Se o jóquei freou o tempo todo aquela beleza de égua malhada, se o
treinador apostou no azarão e jogou contra seu patrimônio, o que há de
se fazer se o pôquer dá sopa para o azar, é uma questão de sorte você se
dar bem nesse cassino, cuja roleta te deixa tonto, vai tomar dentro do
bacará, seu otário, seu fim, que está próximo, é jogar buraco em casa
geriátrica e nem assim conseguir o “morto”, pois “bateram” na sua cara
com a canastra nas mãos.
O vício do sexo é falar do que fez, como
faz e tira prazer, medindo na freqüência o que abocanha e suga, para
cair de quatro e se ver às voltas com quem exige que dê tudo de si. E
você dá, dá tudo o que seu parceiro pedir, pois sexo é isso, é troca, é
ter direito a tirar um naco de sua carne para devolver em prazer o que
irá aguçar seus olhos, sua ilusão, sua consciência. Daí viciando,
viciado resta, e só se fala nisso.
O mais sério dos vícios, segundo Marx, é o
de pedir dinheiro emprestado, para girar com o suporte dos amigos sua
vida tacanha, a responsabilidade pelos seus atos que não assume, por
Deus tê-lo feito nascer do jeito que não queria. Quem tem que pagar o
pato, pensa, são os que não padecem dessa chaga, transferindo a riqueza
material para o pobre de espírito.
No mundo paranormal, existe um fenômeno
freqüentemente descrito como experiências sobrenaturais, a sensação de
flutuar acima do próprio corpo e vê-lo estendido numa cama. Na maioria
das vezes, essa viagem astral é associada ao desligamento da alma e
elevação do espírito. A ciência acredita que estimulando uma área
chamada giro angular, ligada à percepção mental que uma pessoa tem de
seu corpo, pode se reproduzir essa sensação extracorpórea, distorcendo
imagens como Alice no País das Maravilhas. Um curto-circuito em que
também se pode projetar uma cena antes mesmo de ela acontecer,
processada como se fosse uma lembrança antiga.

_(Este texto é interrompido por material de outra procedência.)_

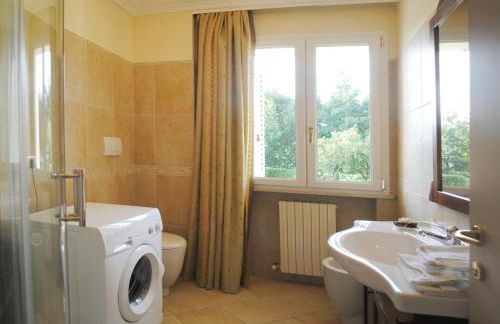 Comfortable villa lower level in Montelabbate with private pool - Photo 16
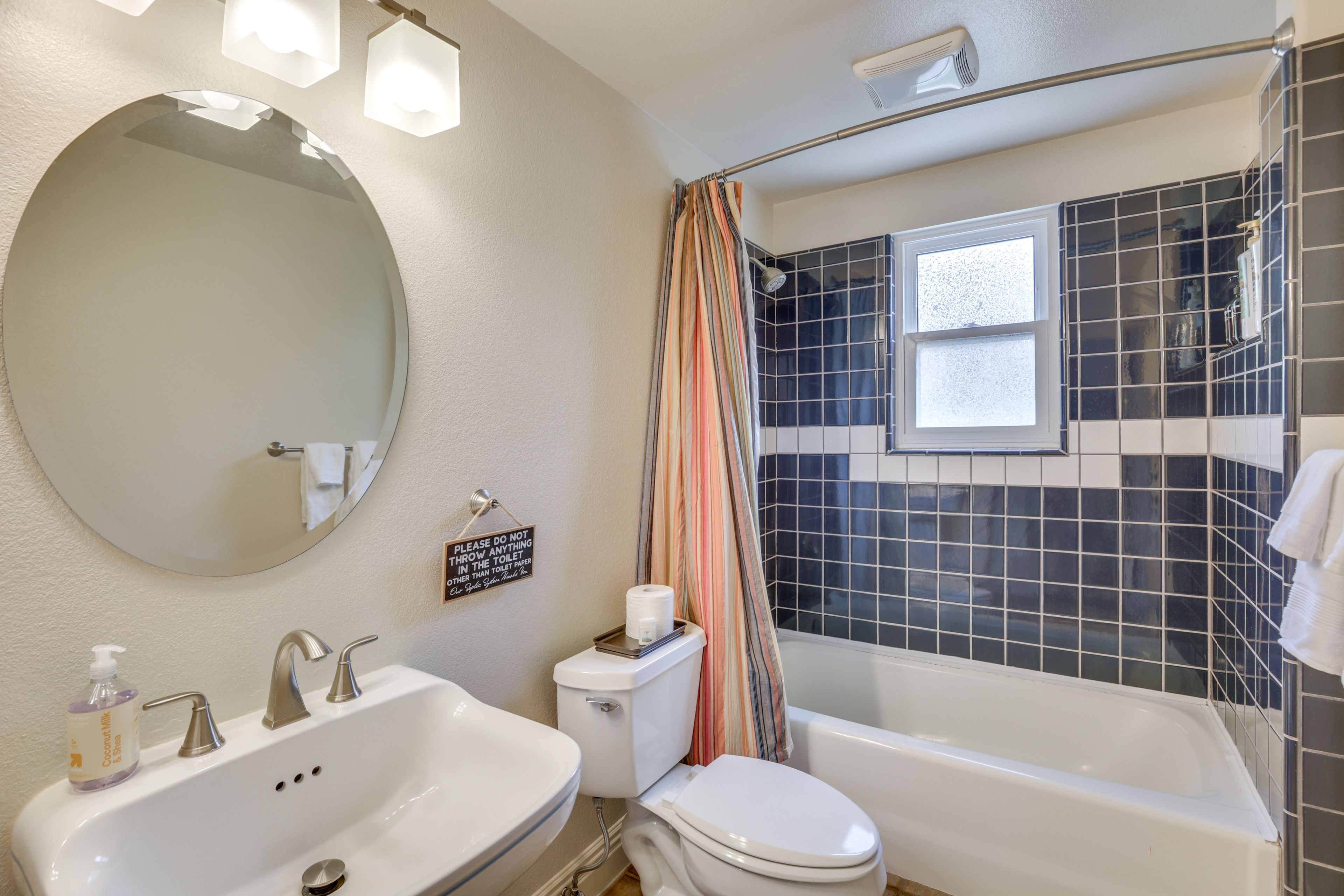 Full Bathroom | Upper Level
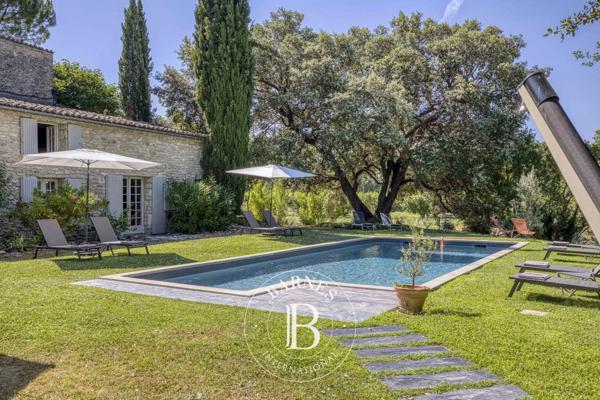 Malaucène, Propriété 10 Chambres -  540 m² à vendre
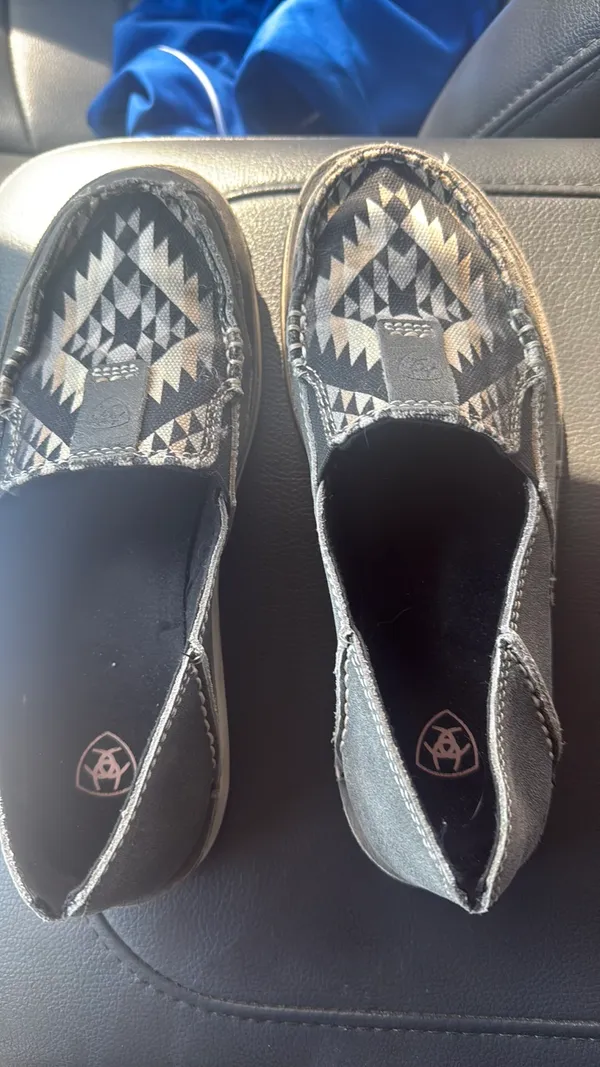 Women’s Ariat shoes 6 - Image 2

O vício busca alcançar essa
paranormalidade, mas por ser desmancha-prazeres, apenas o remete ao dia
seguinte em que tudo irá começar de novo, nos seus devidos lugares,
conforme Deus criou o mundo. Incapaz de captar sinais. Evidências ao
alcance de suas mãos, se acreditasse que valia a pena apostar em si, no
seu percurso, na capacidade de construir um mundo melhor, sem o quê a
vida perde o sentido. E a razão de estarmos aqui só ser descoberta
quando for tarde demais para reconstruir tudo fora de seus devidos
lugares, conforme Deus criou o mundo.